Fifth, plaintiff cannot assert claims for violations of federal criminal law. As a private party, plaintiff has no standing to prosecute a criminal action and has no protected interest in the prosecution of another. See Linda R. S. v. Richard D., 410 U.S. 614, 619 (1973) ("[A] private citizen lacks a judicially cognizable interest in the prosecution or nonprosecution of another"); Doyle v. Oklahoma Bar Ass'n, 998 F.2d 1559, 1566-67 (10th Cir. 1993) (private citizen has no standing to have lawyer disciplined or criminally charged); Sattler v. Johnson, 857 F.2d 224, 227 (4th Cir. 1988) (neither member of public at large nor victim has right to have another criminally prosecuted).

Sixth, to the extent plaintiff alleges that previous rulings of federal courts were made in errors, those claims are not cognizable in this court. In order to seek redress under § 1983, a plaintiff must assert the violation of a federal "right," not merely the violation of federal "law." See Golden State Transit Corp. v. Los Angeles, 493 U.S. 103, 106 (1989). To state a claim, a plaintiff must show a specific constitutional or federal guarantee safeguarding the interests that have been invaded. See Paul v. Davis, 424 U.S. 693, 697 (1976).

The amended complaint should state the claims for relief with clarity. The rambling, argumentative complaint fails to satisfy some of the basic purposes of a complaint: framing the dispute and giving the defendants and court notice of the claims upon which relief is sought. The abundant citations and legal arguments are unnecessary and misplaced, as the complaint is more about telling the reader what the plaintiff's claims are rather than why he should win. The amended complaint need not be long. In fact, a brief and clear statement with regard to each claim listing each defendant's actions regarding that claim is preferable. Accordingly, the complaint is DISMISSED WITH LEAVE TO AMEND. Plaintiff will be provided with thirty days in which to amend to correct the deficiencies in his complaint if he can do so in good faith. C. Miscellaneous motions

Plaintiff's motion to supplement the original complaint with his appellate brief is DENIED as unnecessary. Plaintiff is direct to file an amended complaint conforming to correcting the deficiencies described above.
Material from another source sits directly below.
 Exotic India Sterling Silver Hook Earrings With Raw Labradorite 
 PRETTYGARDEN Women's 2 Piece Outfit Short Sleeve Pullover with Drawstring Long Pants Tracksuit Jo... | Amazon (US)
Plaintiff's motion for formal hearing for damages and motion for telephonic hearing are DENIED. Plaintiff believes that a formal hearing for damages or a telephonic hearing is necessary to determine whether the undersigned has committed a crime and/or caused damage to plaintiff relating to the prosecution of this action. 28 U.S.C. § 455 provides grounds for disqualification of a federal judge, but does not specify the procedure used and is self-enforcing on the part of the judge. It requires a judge to disqualify himself in any proceeding in which her impartiality might reasonably be questioned. See 28 U.S.C. § 455(a). Section 455 has no provision for referral to another judge; rather, the judge at whom the motion is directed must determine whether bias or prejudice is shown. See United States v. Sibla, 624 F.2d at 868. Plaintiff has not pointed to any credible evidence to support an allegation that the undersigned is not impartial, or that the undersigned has a plausible personal bias or prejudice. See Liteky v. United States, 510 U.S. 540, 555-56 (1994) (recognizing that judicial rulings alone may constitute grounds for appeal, but almost never constitute a valid basis for a bias or impartiality motion).

CONCLUSION

For the foregoing reasons, the court hereby orders as follows:

1. Plaintiff's motion to supplement the complaint is DENIED. Plaintiff's motion for formal hearing for damages is DENIED. Plaintiff's motion for telephonic hearing is DENIED. Plaintiff's complaint is DISMISSED with leave to amend.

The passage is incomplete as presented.